Athens expects nod for early debt payment


Greece is about to get the nod from the European Union for the early repayment of the three installments of bilateral loans, as well as for the use of the “hard” cushion, in the next 24 hours, with the payment to follow by December 12, giving a strong message to the markets that the country is “aggressively” reducing its debt and continuously improving its fiscal position.

The European Stability Mechanism (ESM) and the European Financial Stability Fund (EFSF) – which hold approximately 54% of Greek public debt – have already approved the triple repayment requested by Greece and the official announcement is expected in the coming days, either before or together with the announcement of the ESM’s approval for the use of the 15.697-billion-euro cash buffer, which will be made on Tuesday, December 3.

The cushion was created in 2018 and could not be used until now, as it had been provided as a safety net in case of need after the country’s exit from the bailout process.

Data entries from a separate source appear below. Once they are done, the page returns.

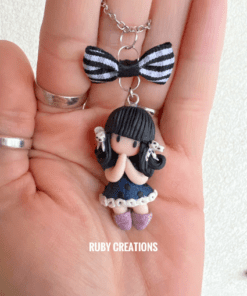 Cute Ruby doll necklace, One-of-a-kind Handmade doll charm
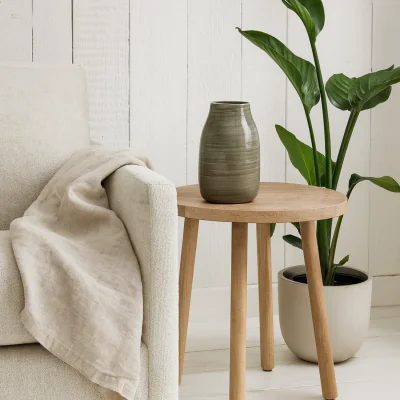 The Range Sagebloom Large Grey Crackle-Glazed Ceramic Short Bottle Vase by Wyld Haus - Grey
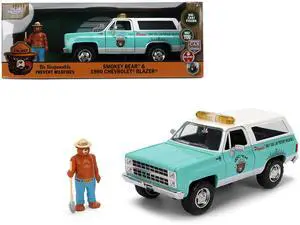 1980 Chevrolet Blazer Light Green with White Top and Graphics and Smokey Bear Diecast Figure 1/24 Diecast Model by Jada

Now that Greece has regained its investment grade, as well as financing from the markets, there is no reason for this cushion to wait. Therefore, the ESM judged that Greece can start using this money to reduce its debt. The agreement is, however, that this amount of €15.697 billion will be used in parts over three years. This year the country will be able to use approximately €5 billion, in 2025 another €5 billion and in 2026 the remaining €5 billion, in debt reduction moves.

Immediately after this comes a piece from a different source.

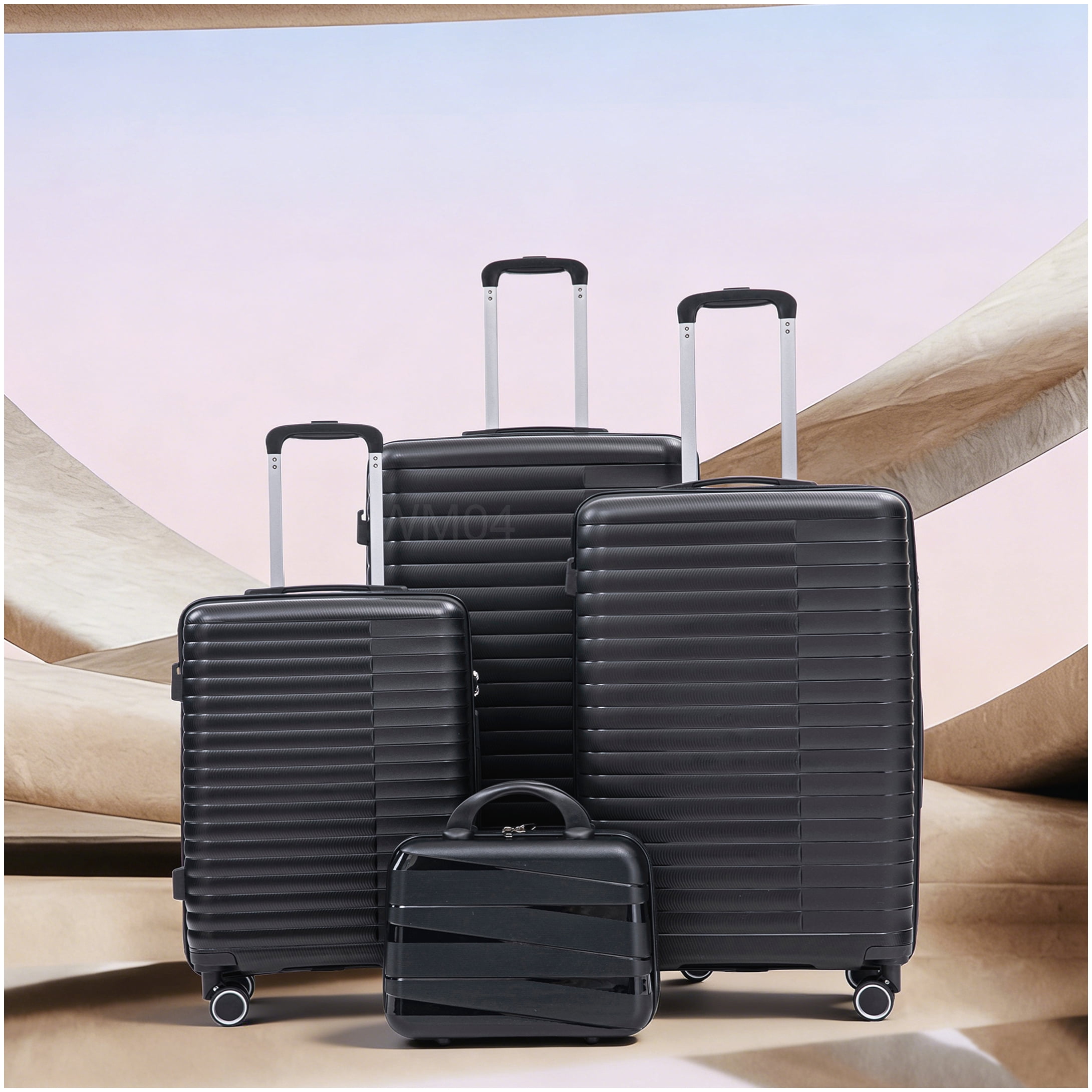 MANGIJOY Polypropylene Spinner Luggage 4-Piece Set, Black Carry-On and Checked Suitcases with Combination Lock and Silent Wheels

Consequently, this year’s early repayment of the three installments of the Greek Loan Facility (GLF) will be made using part of the cash buffer that is now unlocked. On December 12, Greece will repay early the GLF installments (expiring in 2026, 2027 and 2028) which total €7.935 billion, with €5 billion that it is entitled to use from the cash buffer and the remaining €2.95 billion coming from “free” reserves.

The aim of the triple repayment is to provide some relief in the cost of servicing interest, which is however relatively small and amounts to tens of millions of euros over a three-year period, but mainly to send a strong signal to international markets about Greece’s capabilities.

The balance of bilateral loans stands at €39.54 billion, while after the triple payment of next month it will fall to €31.6 billion.